# TASK TO CARRY OUT
Exactly as written, write out the lines below from the first to the one containing "Feltámadóban a Red Bull?", inclusive. Pictures do not belong in the copy.

# AVAILABLE DATA
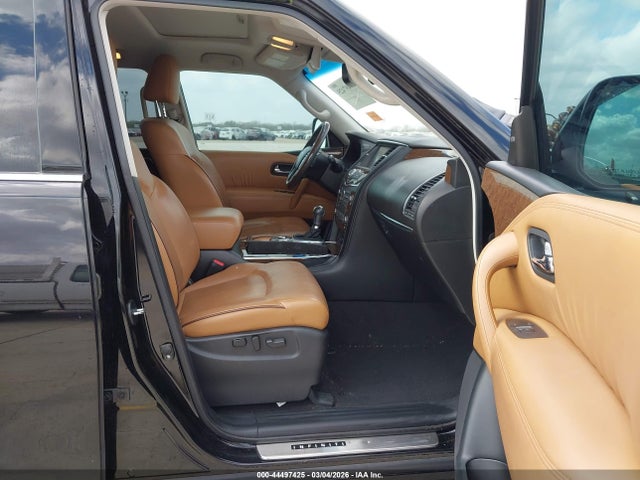 Aukcja sprzedaży 2017 Infiniti Qx80 Signature Edition, vin: JN8AZ2NF1H9644301, numer aukcji: 44497425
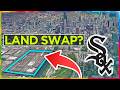 White Sox Pitching LAND SWAP for New Stadium?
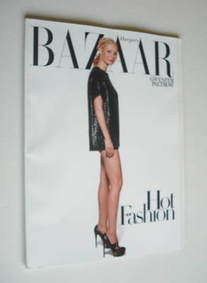 Harper's Bazaar magazine - July 2008 - Gwyneth Paltrow cover (Subscriber's Issue)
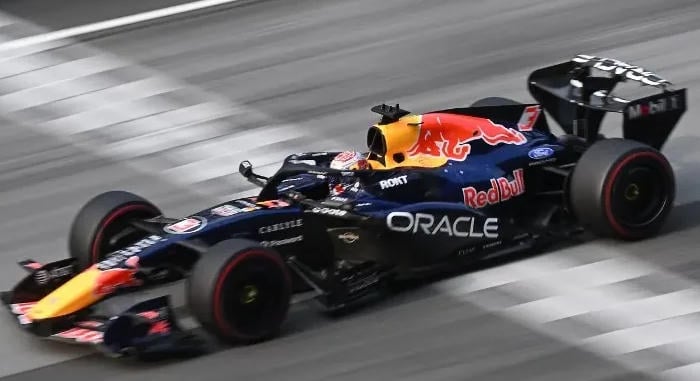 Feltámadóban a Red Bull?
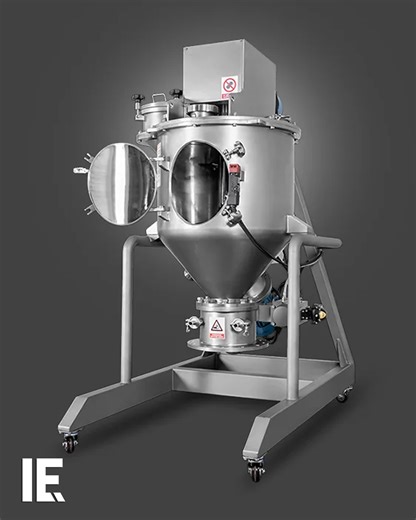When it comes to industrial manufacturing, the last thing people think of is mixing. But it’s actually the core of almost any process. How have industrial mixers changed the world of manufacturing? Find out more at https://link.ie.social/qxwvio #sponsored #mixers #pharmaceuticalmanufacturing #foodmanufacturing #chemicalmanufacturing #mixing | Interesting Engineering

# RESPONSE TO THIS TASK
 Aukcja sprzedaży 2017 Infiniti Qx80 Signature Edition, vin: JN8AZ2NF1H9644301, numer aukcji: 44497425
 White Sox Pitching LAND SWAP for New Stadium?
 Harper's Bazaar magazine - July 2008 - Gwyneth Paltrow cover (Subscriber's Issue)
 Feltámadóban a Red Bull?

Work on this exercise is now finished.